By: email@example.com, The Republican Eagle
The governor’s state budget bill now before the Legislature’s budget writing committee determines taxes and spending over a two-year period.
However, the budget bill includes more than just revenue and expenditure items found in a typical budget. The governor also included 80 non-fiscal policy items as identified by the nonpartisan Legislative Fiscal Bureau.
While it is not uncommon for governors to include non-fiscal policy items in budget proposals, in recent sessions, the co-chairs of the budget writing committee have agreed to remove them and introduce them as individual legislation.
Unfortunately, this session, the co-chairs removed fewer than half of these policy items and left in the budget some items that will have significant affect on our everyday lives and have nothing to do with state taxing or spending.
A couple of surprises in the budget would directly impact insurance premiums for cars and liability insurance for organizations like businesses, churches, and charities.
The first proposal would mandate dramatically higher auto insurance coverage limits, which in turn is estimated to increase auto insurance premiums by as much as 33 percent. It would increase minimums of $25,000 for personal injury, $50,000 for each accident, and $10,000 for property damage to $100,000, $300,000, and $25,000 respectively.

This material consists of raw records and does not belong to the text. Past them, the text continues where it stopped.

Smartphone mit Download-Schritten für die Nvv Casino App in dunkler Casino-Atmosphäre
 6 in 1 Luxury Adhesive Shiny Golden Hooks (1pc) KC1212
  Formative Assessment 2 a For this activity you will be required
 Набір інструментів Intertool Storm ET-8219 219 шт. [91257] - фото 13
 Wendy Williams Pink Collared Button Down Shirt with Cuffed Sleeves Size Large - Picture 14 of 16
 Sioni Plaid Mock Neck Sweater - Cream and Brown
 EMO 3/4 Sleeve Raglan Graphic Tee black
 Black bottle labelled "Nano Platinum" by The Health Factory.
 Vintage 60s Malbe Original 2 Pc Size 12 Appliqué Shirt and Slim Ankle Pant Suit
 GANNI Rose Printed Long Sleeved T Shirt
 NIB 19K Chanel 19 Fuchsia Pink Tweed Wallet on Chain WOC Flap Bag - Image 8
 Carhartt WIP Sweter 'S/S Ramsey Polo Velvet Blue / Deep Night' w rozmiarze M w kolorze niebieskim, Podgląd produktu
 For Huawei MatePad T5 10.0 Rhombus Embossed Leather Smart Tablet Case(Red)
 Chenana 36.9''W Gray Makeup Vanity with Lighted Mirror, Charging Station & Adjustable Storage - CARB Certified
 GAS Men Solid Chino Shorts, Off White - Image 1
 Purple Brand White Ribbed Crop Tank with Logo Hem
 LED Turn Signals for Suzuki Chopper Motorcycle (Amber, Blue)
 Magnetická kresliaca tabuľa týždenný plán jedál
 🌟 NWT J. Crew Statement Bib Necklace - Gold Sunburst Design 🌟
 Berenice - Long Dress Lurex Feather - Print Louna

Wisconsin has the most affordable auto insurance premiums in the nation, but that would change quickly if this budget provision stays.
The second proposal would redefine who pays liability damages for injury costs.
Current law says a defendant must meet a 51 percent threshold to be held responsible for up to 100% of the injury cost.
However, the governor’s budget would say an individual, employer, charity, or church that is even 1 percent liable could be held responsible for 100 percent of damages. It is worthy to note that if one is simply present they are partially liable.
Regardless of our positions, we should not cower from having a direct vote on these issues.
That is why I have joined with over 30 of my colleagues in asking the co-chairs of the budget writing committee to pull these provisions from the budget bill and introduce as separate bills.